■ **Task goal**: Give back each record precisely, pictures excluded.

(Web page caption snippets)
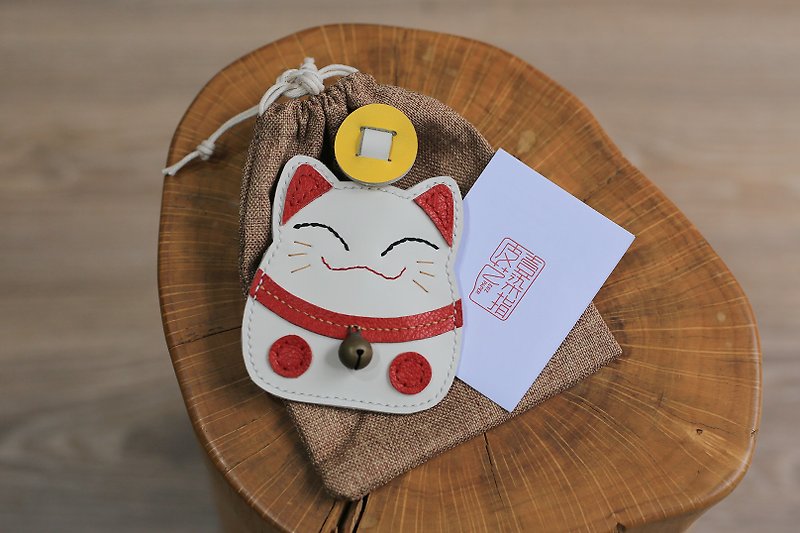 One Finger Medium Lucky Cat | AirTag Apple Location Tracker Protective Cover | Induction Access Control Cover - กระเป๋าใส่เหรียญ - หนังแท้ 
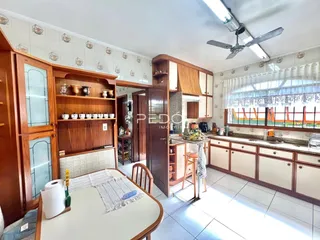 Foto de uma cozinha com armários de madeira e piso cerâmico.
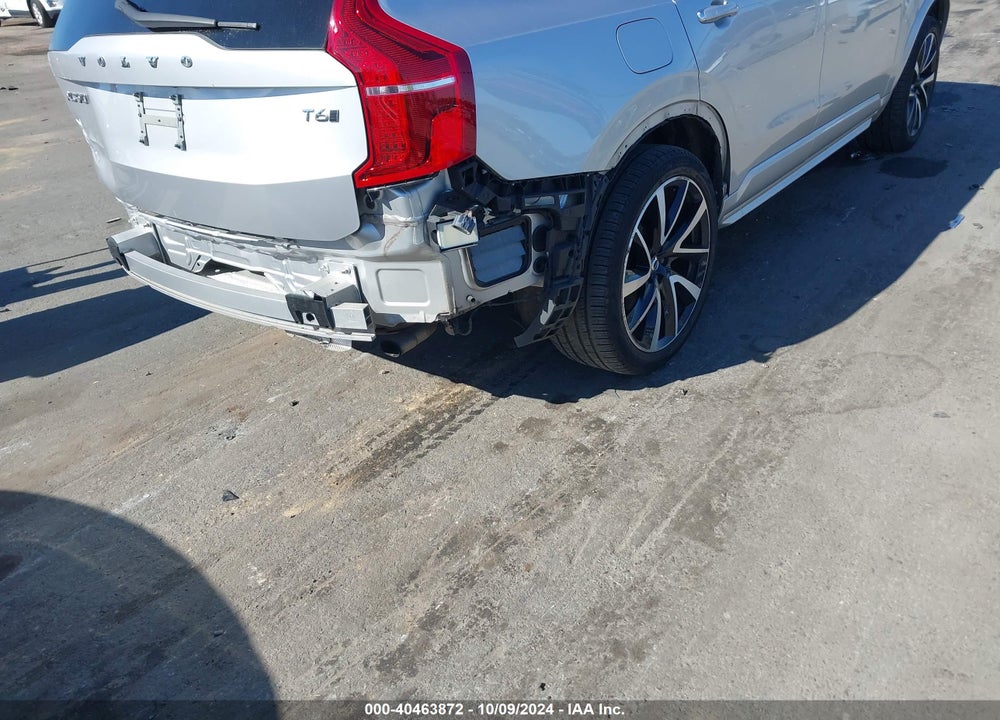 2018 VOLVO XC90 T6 MOMENTUM VIN: YV4A22PK2J1391680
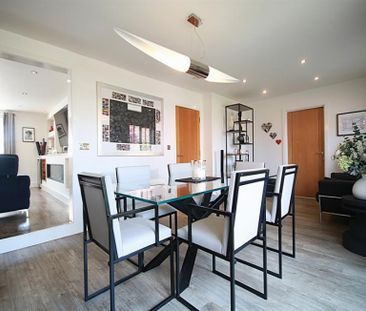 5 Bedroom Detached To Let - Photo 6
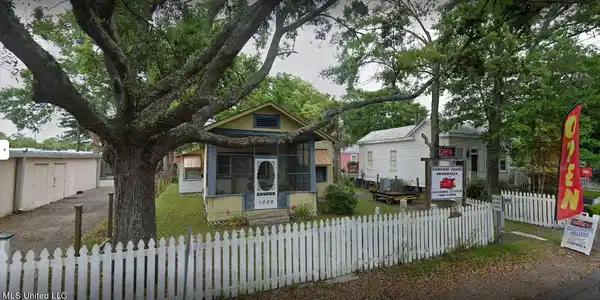 1009 Desoto Street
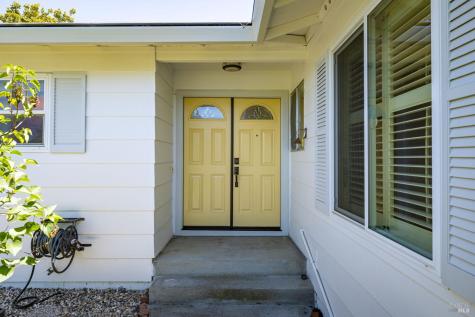 1712 Weaverly Drive Petaluma CA 94954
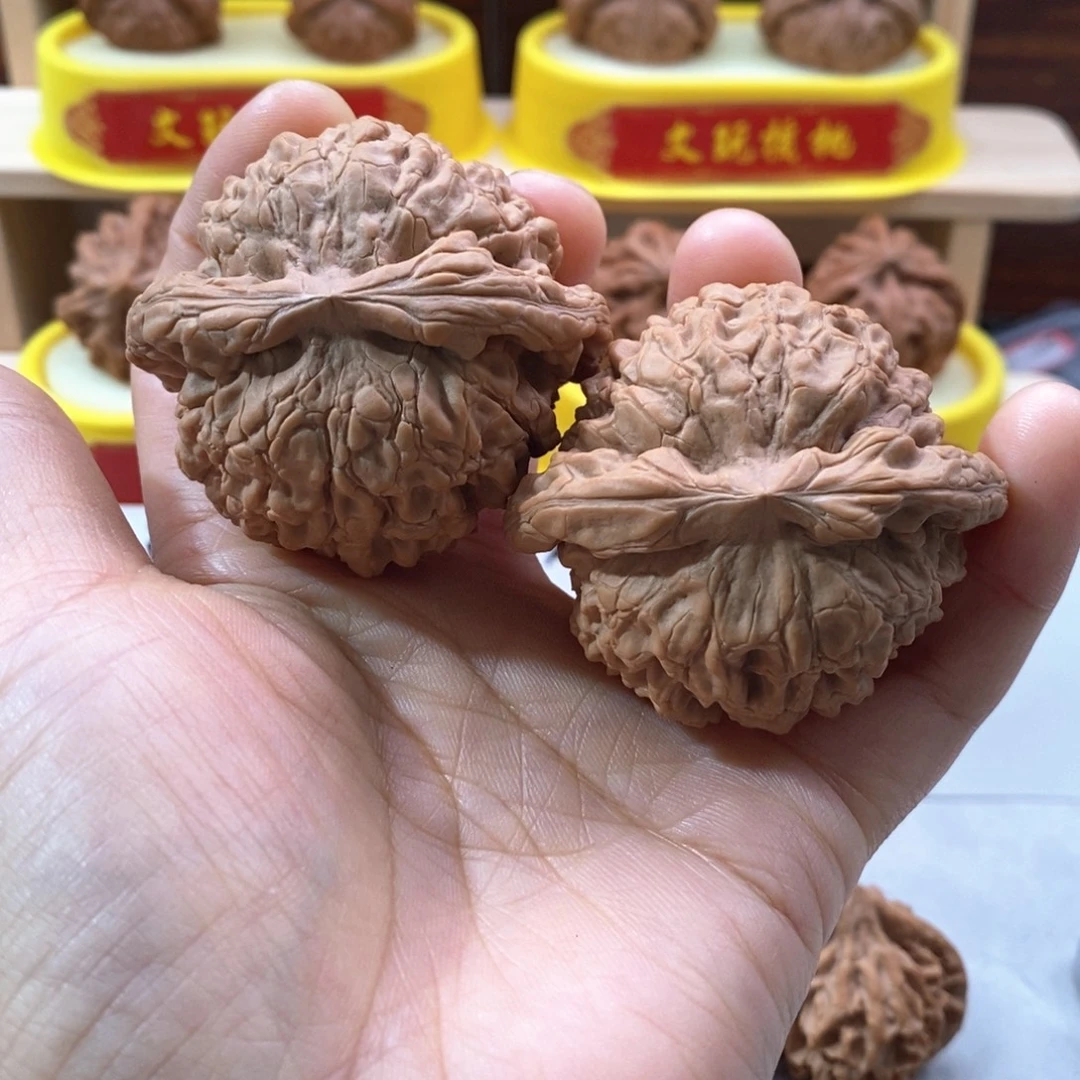 啊***进吊坠文玩核桃54龙鼎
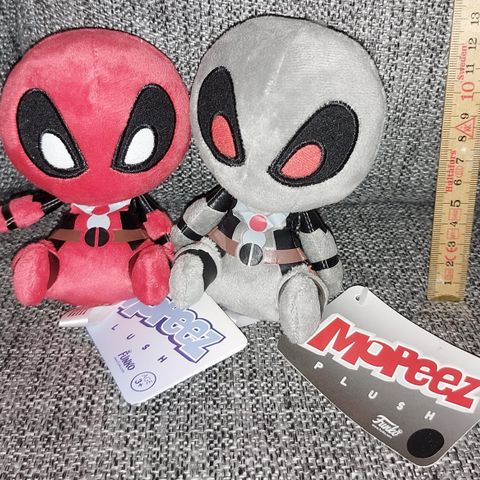 Deadpool Mopeez plysj selges samlet!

■ **Expected output**:
 One Finger Medium Lucky Cat | AirTag Apple Location Tracker Protective Cover | Induction Access Control Cover - กระเป๋าใส่เหรียญ - หนังแท้ 
 Foto de uma cozinha com armários de madeira e piso cerâmico.
 2018 VOLVO XC90 T6 MOMENTUM VIN: YV4A22PK2J1391680
 5 Bedroom Detached To Let - Photo 6
 1009 Desoto Street
 1712 Weaverly Drive Petaluma CA 94954
 啊***进吊坠文玩核桃54龙鼎
 Deadpool Mopeez plysj selges samlet!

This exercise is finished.